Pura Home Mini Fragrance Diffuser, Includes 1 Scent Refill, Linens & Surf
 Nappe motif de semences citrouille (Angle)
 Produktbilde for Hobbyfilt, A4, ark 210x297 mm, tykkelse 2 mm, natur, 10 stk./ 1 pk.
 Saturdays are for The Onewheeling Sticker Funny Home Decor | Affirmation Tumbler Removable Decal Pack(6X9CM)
________________
Only one number is wanted: the number of lines in the listing that contain the string "Home".

2